Long Strangle

Construction: Buy one call and buy one put with different strike prices but the same expiration date. Both options are usually out-of-the-money. The Long Strangle is conceptually similar to the Long Straddle with the exception of different strikes being used.

Function: To take advantage of large potential stock movements in either direction, or if you anticipate an increase in implied volatility.

Bias: Expecting fast, aggressive stock price moves in either direction. This shares the same bias as the Long Straddle; however, the Long Strangle requires even bigger moves in the stock price before profits are realized. It has a lower probability for a payoff, so it will be cheaper than the Long Straddle assuming all other factors are the same.

When to Use: Normally around news release time (i.e. earnings, FDA announcements, etc.) when you feel that the news can affect the stock aggressively but aren’t sure in which direction. Also, good to use when you feel implied volatility is likely to increase sharply.

Breakeven: The strategy has two breakeven points. For the lower, take the put strike and subtract the debit. For the upper, add the debit to the call strike.

Max Gain: Profits are made for all stock prices above the upper breakeven point or below the lower breakeven point. Because there’s no limit on how high a stock’s price can go, there’s no limit on the amount of profits that can be made if the stock price rises. If the stock price falls, however, the maximum gain is limited to the strike price minus the Strangle’s cost, which occurs if the stock price falls to zero.

Max Loss: Losses are realized if the stock closes between the breakeven points. The maximum loss is the amount paid and occurs if the stock closes between the call and put strikes.

Key Concepts: Because of large decay associated with this position, time sensitivity is critical. Once anticipated stock or volatility movement occurs, it is critical to close down the position in order to secure profits and eliminate further risk of substantial decay. Philosophically identical to the Long Straddle except the Long Strangle will cost less because of the wider strikes used. The trade-off for this is the need for faster, more aggressive stock price moves before becoming profitable.
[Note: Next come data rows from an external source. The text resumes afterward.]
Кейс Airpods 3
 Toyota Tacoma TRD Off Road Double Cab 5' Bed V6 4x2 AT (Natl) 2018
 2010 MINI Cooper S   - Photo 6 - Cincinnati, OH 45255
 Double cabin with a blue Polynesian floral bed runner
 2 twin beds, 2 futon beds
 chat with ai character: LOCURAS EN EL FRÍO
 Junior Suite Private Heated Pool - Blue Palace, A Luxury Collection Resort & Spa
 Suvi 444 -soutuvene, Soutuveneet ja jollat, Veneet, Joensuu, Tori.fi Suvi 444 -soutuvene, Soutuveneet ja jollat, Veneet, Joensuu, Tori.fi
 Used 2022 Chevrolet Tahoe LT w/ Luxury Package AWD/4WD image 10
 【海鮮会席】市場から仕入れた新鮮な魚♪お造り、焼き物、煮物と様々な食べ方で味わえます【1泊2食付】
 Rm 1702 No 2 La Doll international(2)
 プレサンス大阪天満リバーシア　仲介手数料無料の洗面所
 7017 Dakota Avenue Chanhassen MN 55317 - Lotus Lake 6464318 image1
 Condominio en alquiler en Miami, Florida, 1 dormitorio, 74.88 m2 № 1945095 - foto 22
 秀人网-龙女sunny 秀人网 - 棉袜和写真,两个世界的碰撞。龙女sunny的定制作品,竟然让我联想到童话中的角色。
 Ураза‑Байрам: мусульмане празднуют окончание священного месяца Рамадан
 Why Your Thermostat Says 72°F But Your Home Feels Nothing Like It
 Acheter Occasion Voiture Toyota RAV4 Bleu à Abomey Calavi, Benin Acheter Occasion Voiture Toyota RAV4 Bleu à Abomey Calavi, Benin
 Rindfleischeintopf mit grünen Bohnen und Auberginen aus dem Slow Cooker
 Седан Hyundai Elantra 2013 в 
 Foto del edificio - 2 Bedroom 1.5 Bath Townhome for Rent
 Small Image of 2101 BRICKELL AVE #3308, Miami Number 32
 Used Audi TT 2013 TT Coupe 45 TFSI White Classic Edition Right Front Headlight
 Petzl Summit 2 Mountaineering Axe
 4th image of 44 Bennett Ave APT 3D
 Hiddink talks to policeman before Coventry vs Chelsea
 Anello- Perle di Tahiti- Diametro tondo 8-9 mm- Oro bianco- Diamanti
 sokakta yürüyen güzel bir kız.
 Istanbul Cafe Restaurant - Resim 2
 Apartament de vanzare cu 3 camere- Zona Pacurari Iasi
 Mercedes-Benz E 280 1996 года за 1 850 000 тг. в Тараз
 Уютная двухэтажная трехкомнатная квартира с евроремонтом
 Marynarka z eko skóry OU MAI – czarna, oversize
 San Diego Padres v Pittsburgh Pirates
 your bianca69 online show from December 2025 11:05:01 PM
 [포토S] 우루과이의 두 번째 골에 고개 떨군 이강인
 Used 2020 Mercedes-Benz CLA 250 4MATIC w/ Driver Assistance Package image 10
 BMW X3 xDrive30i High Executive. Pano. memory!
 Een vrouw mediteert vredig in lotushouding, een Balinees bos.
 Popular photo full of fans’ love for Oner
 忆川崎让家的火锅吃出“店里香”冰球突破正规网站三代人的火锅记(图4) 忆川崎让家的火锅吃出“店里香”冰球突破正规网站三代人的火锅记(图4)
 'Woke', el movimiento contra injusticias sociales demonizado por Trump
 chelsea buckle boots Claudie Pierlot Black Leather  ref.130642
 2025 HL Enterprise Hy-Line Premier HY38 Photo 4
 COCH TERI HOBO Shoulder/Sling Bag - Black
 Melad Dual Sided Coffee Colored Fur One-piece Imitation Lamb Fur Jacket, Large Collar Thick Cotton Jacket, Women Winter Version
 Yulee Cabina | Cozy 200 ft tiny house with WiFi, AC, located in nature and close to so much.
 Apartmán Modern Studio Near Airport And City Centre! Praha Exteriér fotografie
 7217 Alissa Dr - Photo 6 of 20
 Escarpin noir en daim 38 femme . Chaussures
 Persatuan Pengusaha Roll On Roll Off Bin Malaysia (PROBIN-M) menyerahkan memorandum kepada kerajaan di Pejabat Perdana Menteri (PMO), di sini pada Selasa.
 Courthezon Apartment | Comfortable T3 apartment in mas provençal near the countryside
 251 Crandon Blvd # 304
Example: With the stock at $52.50, buy one March $50 put for $1, buy one March $55 call for $1.20. The total cost is $2.20 and is the most you can lose. The lower breakeven point is the $50 put strike minus the $2.20 cost, or $47.80. The upper breakeven is the $55 call strike plus the $2.20 cost, or $57.20. Losses occur for all stock prices between $47.80 and $57.20. The maximum loss occurs for all stock prices between the $50 and $55 strikes. Gains are made only if the stock price falls below $47.80 or rises above $57.20 at expiration. The maximum gain to the upside is unlimited. To the downside, it is limited to $47.80, and occurs if the stock price falls to zero. If the stock falls to zero, you could exercise the put and collect the $50 strike. Because you paid $2.20 for the Strangle, your max gain would be $47.80.